Venezuela’da, Devlet Başkanı Nicolas Maduro’nun üçüncü kez başkan seçildiğini ilan etmesinin ardından Amerika kıtasındaki ülkeler sonuçlar konusunda bölündü.

Başını Arjantin ve Şili’nin çektiği Latin Amerika ülkeleri resmen Maduro’nun “seçimleri çaldığını” öne sürerken, Küba ve Nikaragua gibi ülkeler hızla Venezuela liderinin zaferini tebrik ettiler.

Bunların sürpriz olduğu söylenemez, zaten gerek Arjantin’in lideri Javier Milei’nin aylardır Maduro ve Bolivarcı Venezuela’ya yönelik sözleri, gerekse Küba yönetiminin Maduro’ya desteği sır değil.

Sürpriz olan ise, “sol” yönetimleri ile bilinen üç ülkenin hâlâ Maduro’nun galibiyetini tanımamış olması: Lula’nın Brezilya’sı, Obrador’un Meksika’sı ve Petro’nun Kolombiya’sı.

Üç ülke seçimlerdeki “şeffaflık eksikliği” hakkında bildiri hazırlıyor

Bloomberg’de yer alan habere göre, Brezilya, Venezuela’nın tüm oyları saymasını ve her seçim bölgesinden oy tutanaklarını yayınlamasını talep eden ortak bir bildiri yayınlamak üzere Meksika ve Kolombiya ile görüşmeler yürütüyor.

Venezuela’da Nicolas Maduro ile tarihsel olarak yakın bağları olan solcu devlet başkanları tarafından yönetilen üç ülkenin dışişleri bakanlıkları pazartesi günü yaptıkları açıklamalarda, Caracas sürecin şeffaflığını sağlayacak adımları atana kadar pazar günü yapılan seçimlerin sonucunu tanımayı reddetti.
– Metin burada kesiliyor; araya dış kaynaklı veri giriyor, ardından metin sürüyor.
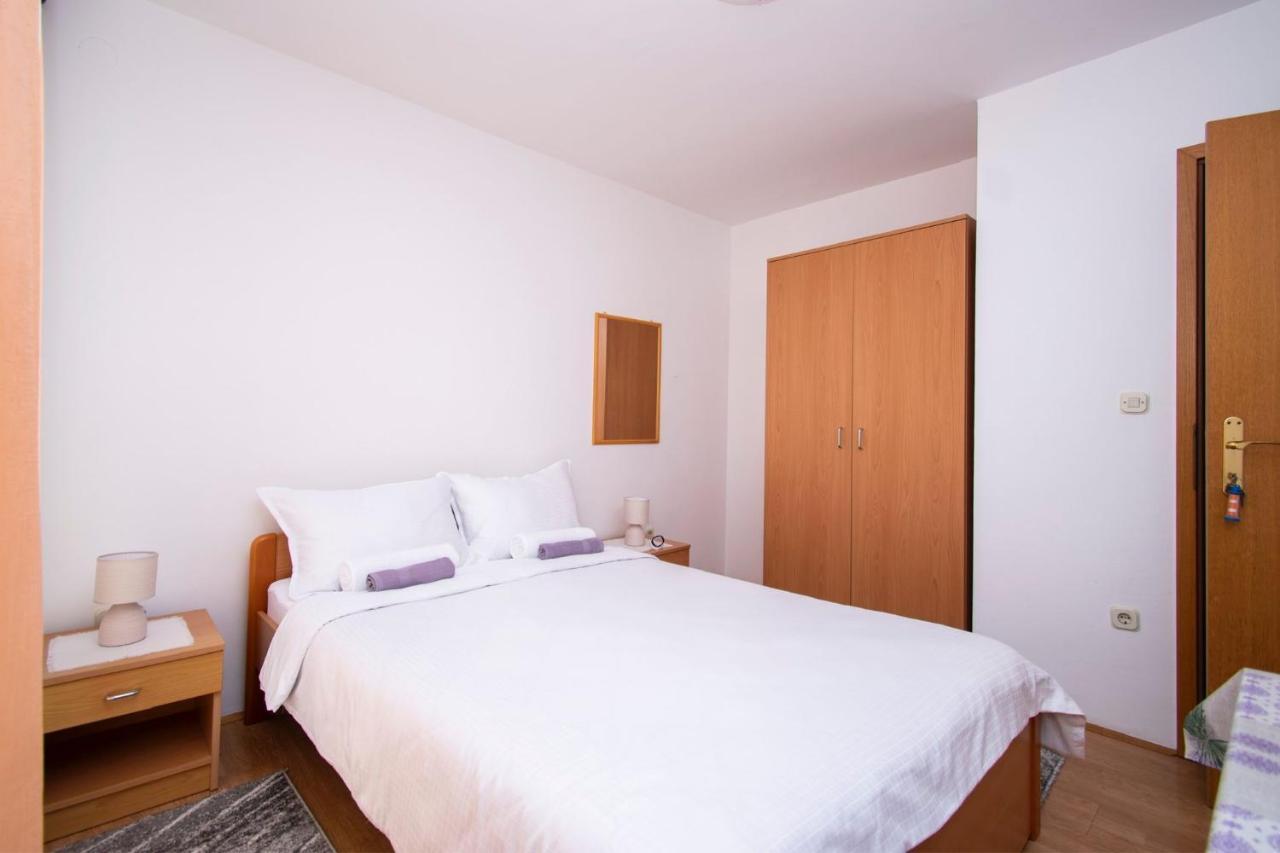 וודיצה Family Holiday Apartments Lucia מראה חיצוני תמונה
Bloomberg’e konuşan yetkililer, Başkan Luiz Inacio Lula da Silva’nın Venezuela’daki durumdan rahatsız olduğunu ve Maduro’nun seçim sürecinde “şeffaflık vaatlerini sistematik olarak yerine getirmediğine” inandığını belirttiler.

Memnuniyetsizliğin altını çizen Brezilya Dışişleri Bakanlığı, ülkenin Caracas Büyükelçisine, Venezuela seçim ajansının pazartesi günü sonuçları onaylamak üzere düzenleyeceği törene katılmaması talimatını verdi.
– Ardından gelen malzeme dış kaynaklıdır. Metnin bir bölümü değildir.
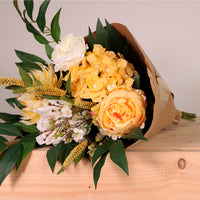 Secret Garden Open Top Bouquet (Mixed Box/3 Colours)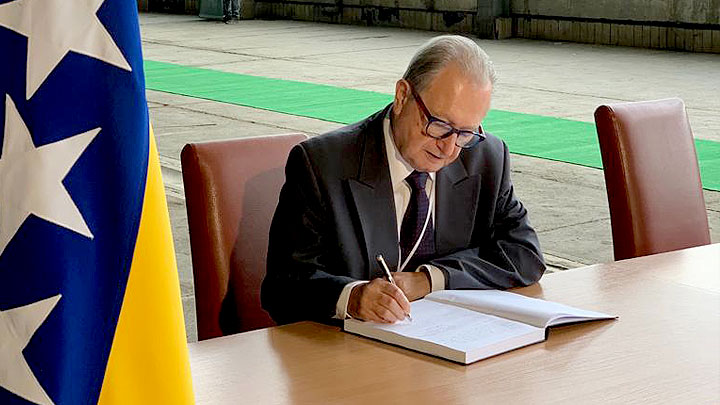 Le Président Carmel Agius rend hommage aux victimes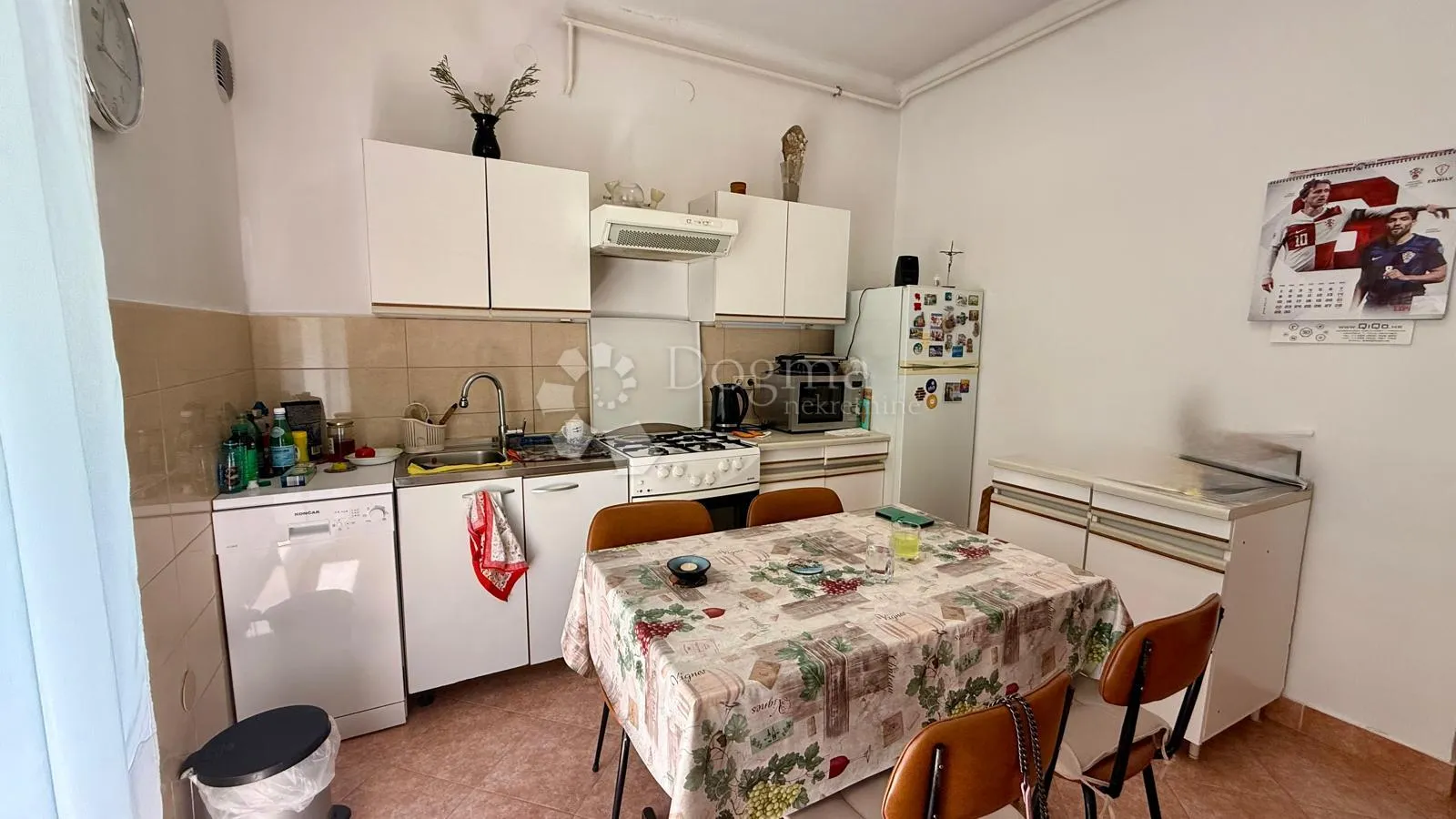 kuća s dva stana i uređenim dvorištem - slika 22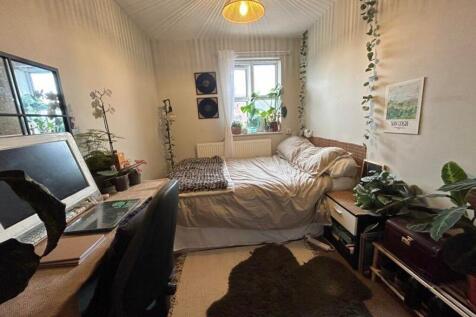 A cozy and inviting double bedroom with good na...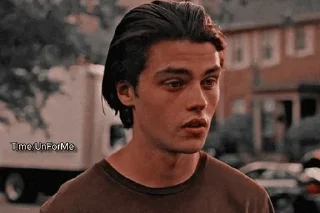 📓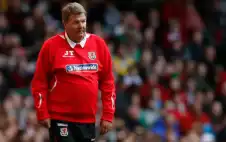 إصابة أسطورة ليفربول ومدرب ريال مدريد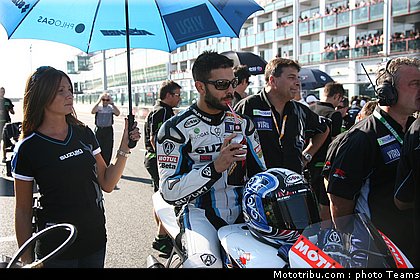 sbk_pitbabe_012_france_magny_cours_2011.jpg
Brezilya ve Kolombiya’dan Venezuela’ya seçim eleştirisi

Brezilya ve Kolombiya, aylardır “seçim” eleştirisi yapıyordu

Lula geçen hafta Maduro’nun “bir seçimi kaybettiğinizde çekip gitmeniz ve bir başkasına itiraz etmeye hazırlanmanız gerektiğini” öğrenmesi gerektiğini söylemişti.

Lula ayrıca Venezuela’nın iktisadi geleceğinin “uluslararası toplumun meşru kabul edeceği temiz bir seçime bağlı olduğu” uyarısında bulunmuştu.

Mart ayında Kolombiya ve Brezilya, Venezuela muhalefetinin bazı üyelerinin 28 Temmuz seçimleri için aday kaydının engellendiğini açıklamasının ardından alışılmadık bir adım atarak Venezuela’yı eleştirmişti.

Kolombiya Dışişleri Bakanlığı o dönem yaptığı açıklamada Maduro hükümetini uyararak, muhalif adayların oylamaya katılmasının engellenmesinin “uluslararası toplumun güvenini sarsabileceğini” ileri sürmüştü.

Brezilya Dışişleri Bakanlığı da süreci “endişeyle” takip ettiğini, özellikle de Venezuela’nın engelleme konusunda henüz bir açıklama yapmadığını söylemişti.

Her iki ülke de muhalefetin karşılaştığı sorunların “özgür ve adil seçimlere ilişkin endişeleri” artırdığını savunmuştu.

Venezuela Dışişleri Bakanı Yvan Gil ise ayrı ayrı yaptığı açıklamalarda Kolombiya ve Brezilya’yı ülkesinin içişlerine karışmakla suçlamıştı.

Muhalefet: Maduro’yu yendiğimize dair kanıtlarımız var

Venezuela muhalefeti, başkanlık seçimlerinde rakibi Edmundo González’in Maduro’yu mağlup ettiğine dair ellerinde kanıt olduğunu ileri sürdü.

González ve muhalefet lideri Maria Corina Machado pazartesi günü gazetecilere yaptıkları açıklamada, Gonzalez’in 6 milyondan fazla oy aldığını, Maduro’nun ise 2 milyondan fazla oy aldığını gösteren oy sayım cetvellerinin %70’inden fazlasını elde ettiklerini söyledi.

González ve Machado, Maduro tarafından kontrol edilen Venezuela seçim konseyinin, González’in %44 oy oranına karşılık başkanın %51 oy oranıyla seçimi kazandığını açıklamasından saatler sonra iddialarını duyurdular.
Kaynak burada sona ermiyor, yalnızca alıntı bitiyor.